#### Data section
+ + + + +
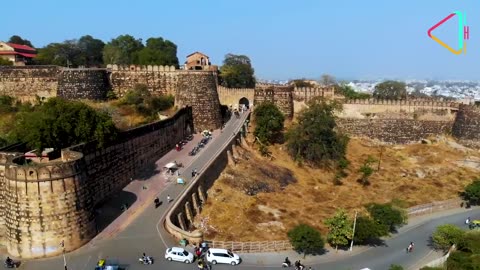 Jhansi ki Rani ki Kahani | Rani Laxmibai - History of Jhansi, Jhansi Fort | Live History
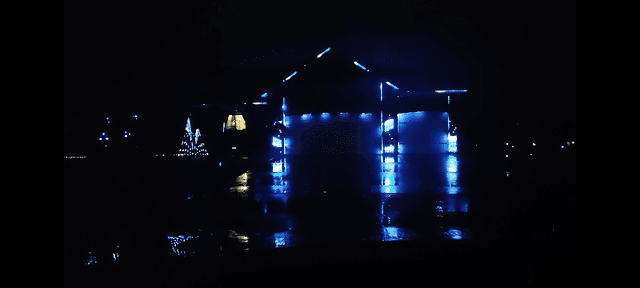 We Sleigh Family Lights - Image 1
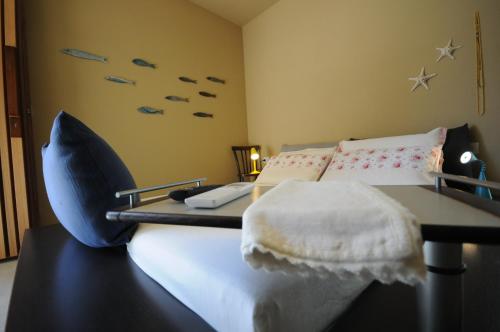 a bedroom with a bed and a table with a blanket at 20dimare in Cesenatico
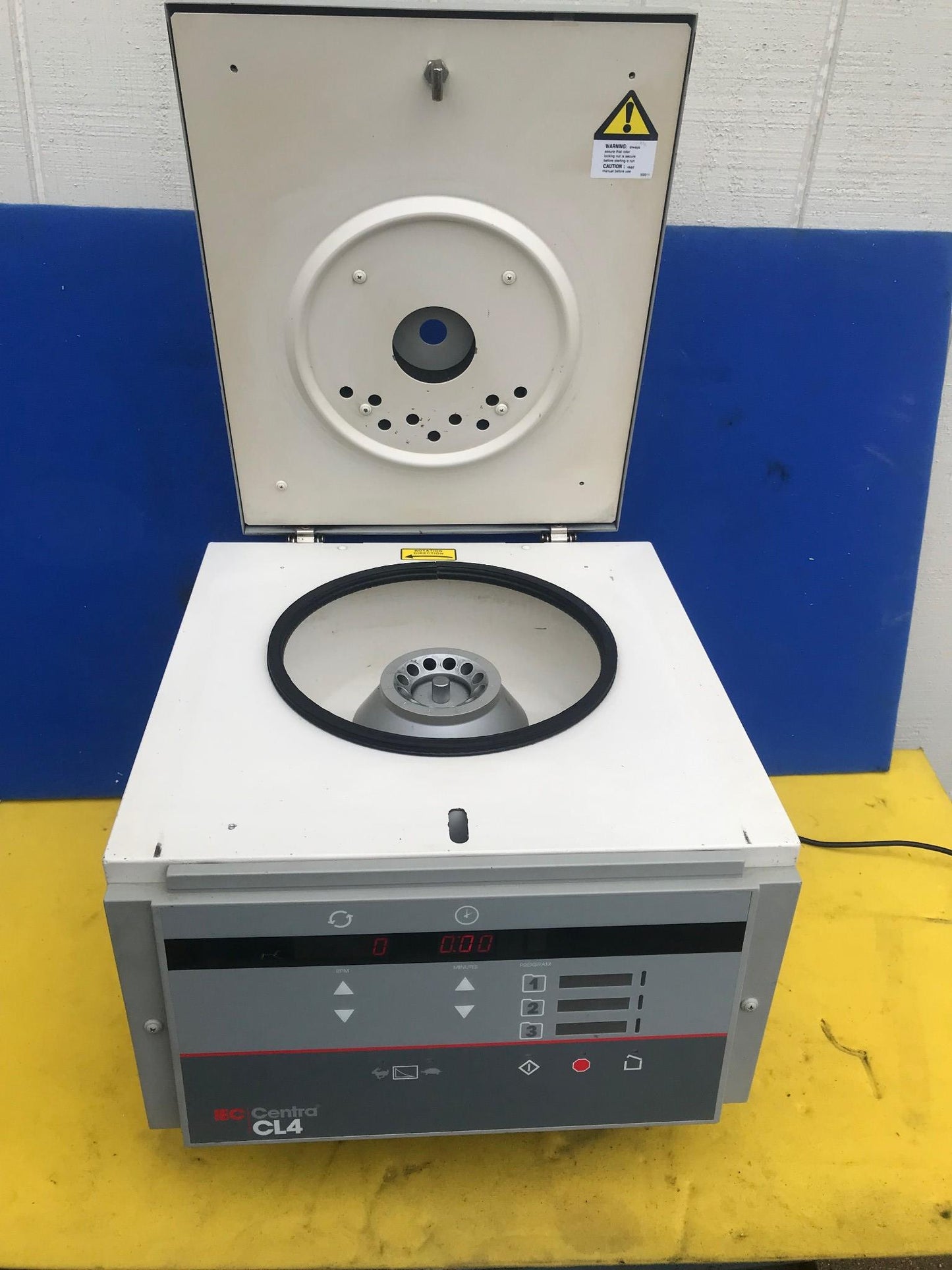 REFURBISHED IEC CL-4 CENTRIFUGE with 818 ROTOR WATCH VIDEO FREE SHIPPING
+ + + + +
#### The problem
Write the listing out a second time exactly, dropping all images.

#### Response area
 Jhansi ki Rani ki Kahani | Rani Laxmibai - History of Jhansi, Jhansi Fort | Live History
 We Sleigh Family Lights - Image 1
 a bedroom with a bed and a table with a blanket at 20dimare in Cesenatico
 REFURBISHED IEC CL-4 CENTRIFUGE with 818 ROTOR WATCH VIDEO FREE SHIPPING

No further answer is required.